A View From Above
A View From Above is a lecture performance on the statistical and sexual mythology of basketball legend Wilt Chamberlain. He was a lover and a fighter.
On March 2, 1962 he scored 100 points in a single NBA game, a record that still stands. He was a larger than life character, shattering basketball records and forcing rule changes to quell his is dominance. His remarkable life is probably best remembered by most for his claim in his 1992 auto-biography, from which this performance takes its name, that he slept with over 20,000 women.
I read this book when I was 12 years old, and I have wondered about those two numbers since then: 100 and 20,000. I was a skinny kid growing up in Canada with hoop dreams. When I read the book I was on the cusp of manhood, and this was a curious bit of hubris. For the performance I revisit a letter that I wrote to Wilt immediately after I finished his book. Surely he could offer some advice to an awkward boy who was trying to get girls to pay attention to him? I return to the perspective of that boy throughout the performance, a sense of awe and disgust intermingled. Is this what it means to be a man?
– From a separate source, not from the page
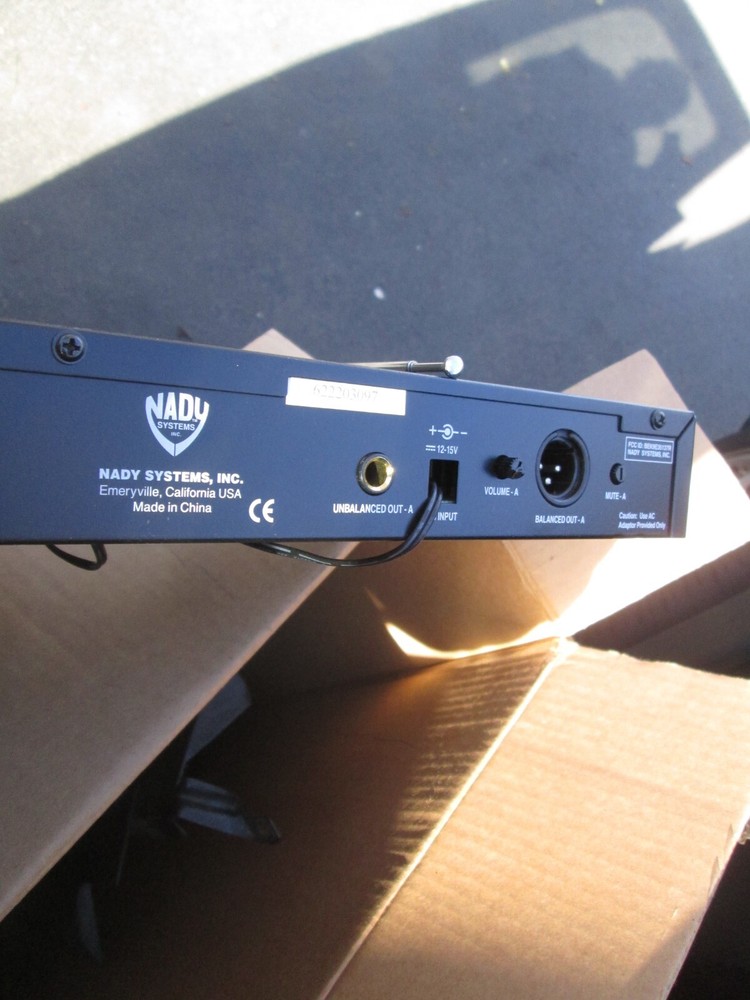 NADY.XR-62 DUAL RECEIVER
The first portion of the performance is dedicated to that mythological night in 1962. There is a purity to how that game is remembered, only in still images and only with a radio broadcast, this being before NBA games were broadcast on TV. The second half tackles the brass tacks of his sexual claims. For instance, how frequent were Wilt’s encounters to accumulate his 20,000? How long would each encounter last? How many gallons of bodily fluid are we talking about here? I break down the numbers in the present. A book of charts helps to digest this information.
A View From Above is a critique, using laughter and absurdity, of the enculturation of young men. On the surface the numbers are insurmountable, bombastic, mythological. How do us mere mortals measure up to a figure like Wilt Chamberlain? At the end of the day, does Wilt the man measure up to the myth?